Interestingly, this card did see play in one of the most famous decks back in the day – the deck known as Intimidation. Piloted by Tristan Robinson, the deck focused primarily around Scizor (MD) as the attacker, and it was made solely to counter other powerful cards at the time. You could call this an “anti-meta” deck – a deck centered around countering the most popular decks at the time. Sableye would play a fairly minor role in the deck, allowing Tristan to set up his next turn with its Excavate before systematically depleting their resources or else punishing them for using Special Energies.
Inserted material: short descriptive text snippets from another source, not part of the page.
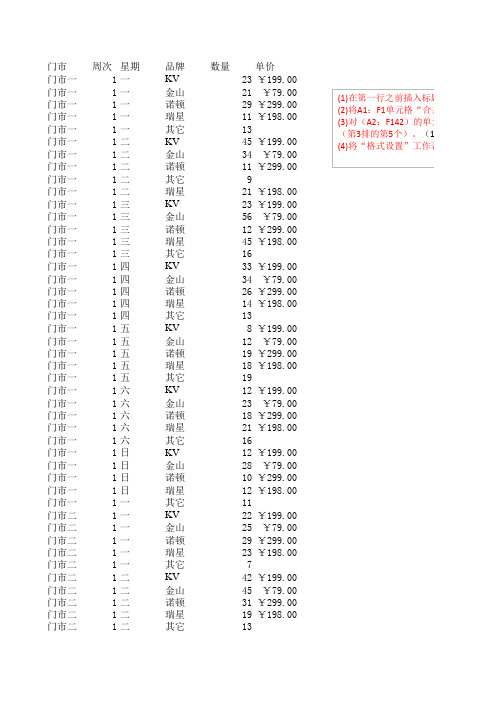 计算机基础会考EXCEL练习1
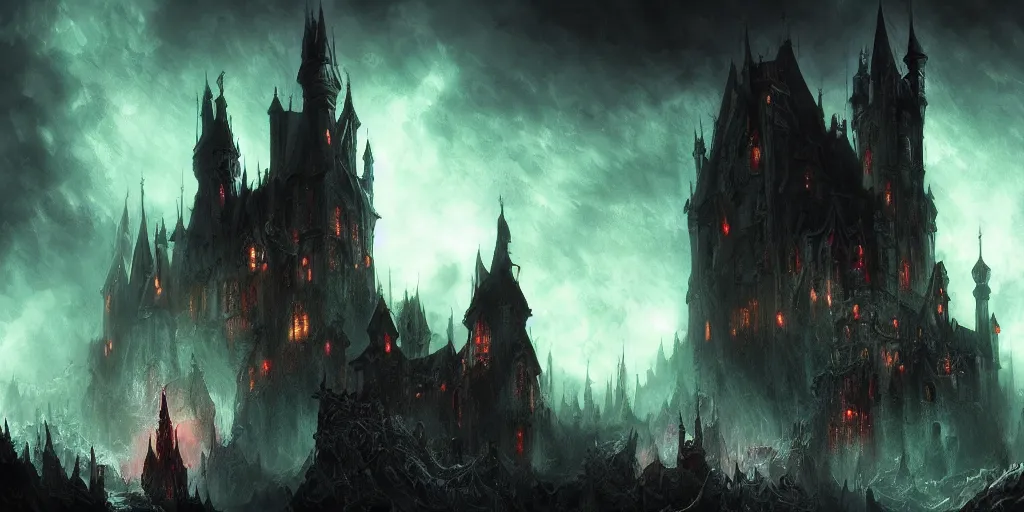 underworld, dark gothic fantasy demonic castle, | Stable Diffusion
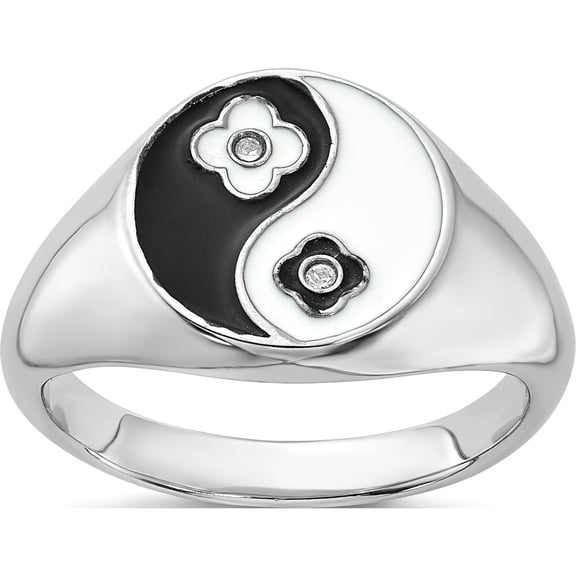 Sterling Silver Rhodium-Plated Enameled Yin Yang Cz Ringsize 6 - Jbsp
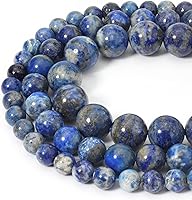 Vista 4 de 45 piezas de cuentas de piedra preciosa natural de lapislázuli de 8 mm, cuentas de cristal de sanación de energía, cuentas sueltas redondas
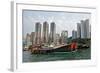 Fishing Trawlers at Anchor in Aberdeen Harbor, Hong Kong-Richard Wright-Framed Photographic Print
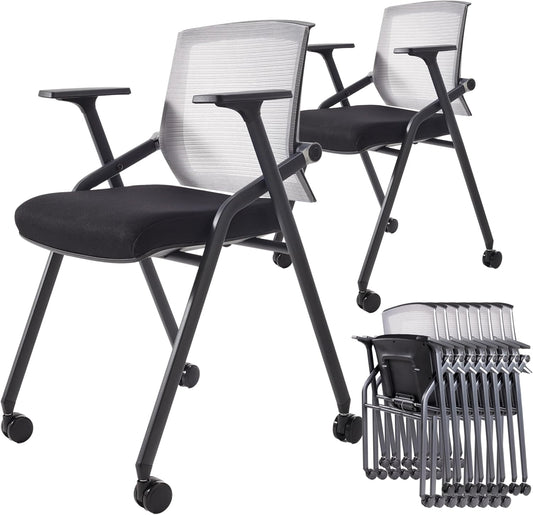 10 Pack Foldable Office Chair with PU Wheels and Sliding Armrest-Ergonomic Mesh Bouncing Back, Stackable Conference Room Chair, Office Guest & Reception & Meeting Chair (Black)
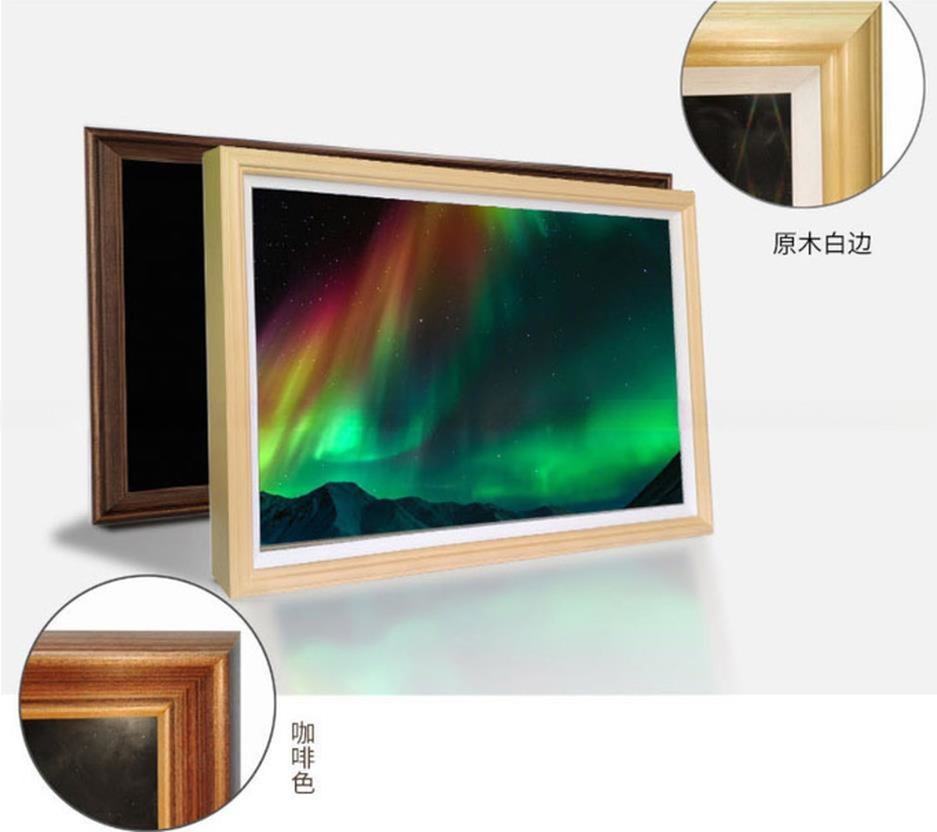 Home/Hall/Hotel Decoration NFT Digital art Frame Advertising Player Video WIFI Android LCD Screen 4K display with wooden frame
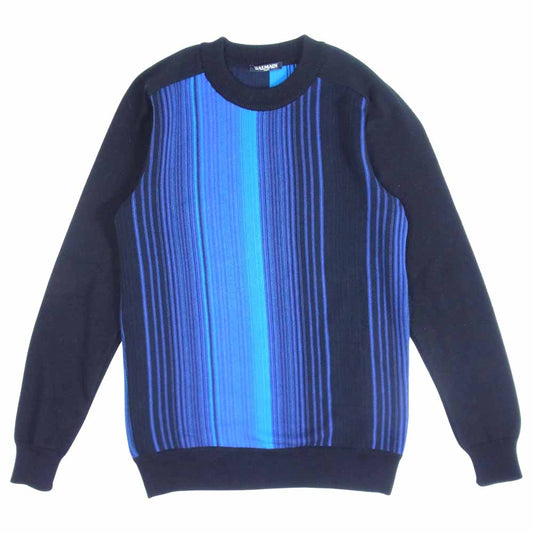 BALMAIN バルマン S7H6695M007 国内正規品 コットン ストライプ クルーネック ニット セーター 青黒系 XS【中古】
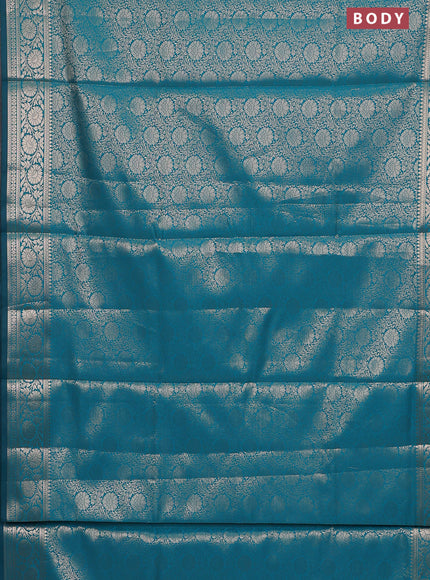 Semi soft silk saree teal blue with allover zari woven brocade weaves -Without blouse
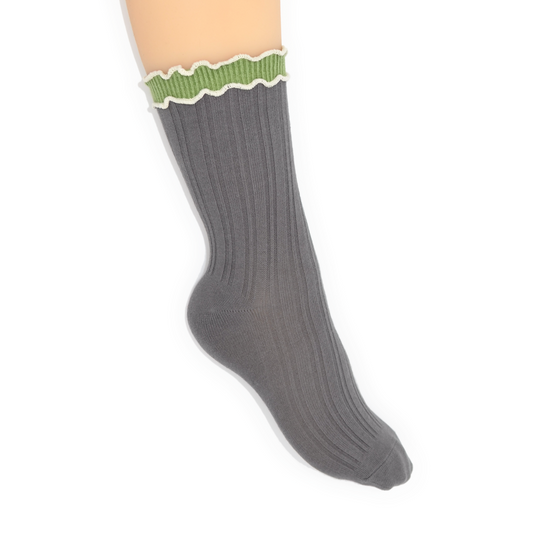Ribbed Lettuce Edge Quarter Crew Socks - Dark Grey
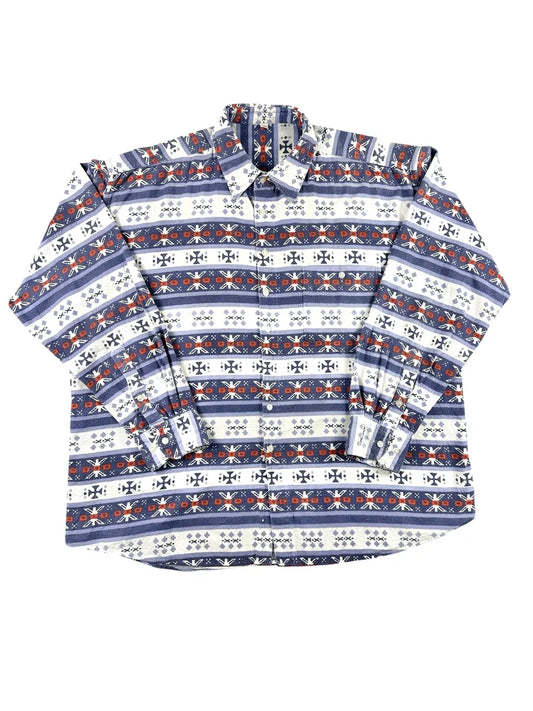 Camicia Uomo Vintage Flanella di Cotone Fantasia Etnica Blu e Arancione - abbigliamento e vestiti vintage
This eventually led him to taking the 2008 World Championship title for the Junior Division.
So needless to say, don’t underestimate Sableye’s Ability – it could end up proving fairly useful.
Standard: 3/5 (that being said, allow me to underestimate Sableye’s Ability)
Expanded: 2.5/5 (though the benefit is strong, it’s centered around the top card of your deck, which could be good – in which case you leave it alone or discard it depending on what you want to do with it – or it could be bricky bad)
Limited: 3.5/5 (needless to say, there could be trouble with determining the Ability’s true strength)
Arora Notealus: Sableye has a great Ability that works well with different strategies, but most of the time, it’s going to come down to whether or not those strategies are worth running a Sableye in. Some might figure he’s a little slow pre-rotation, and in post-rotation, he’s still got to contend with being a vulnerable target on the Bench. Still, if Magcargo could do well, Sableye might not be that far behind.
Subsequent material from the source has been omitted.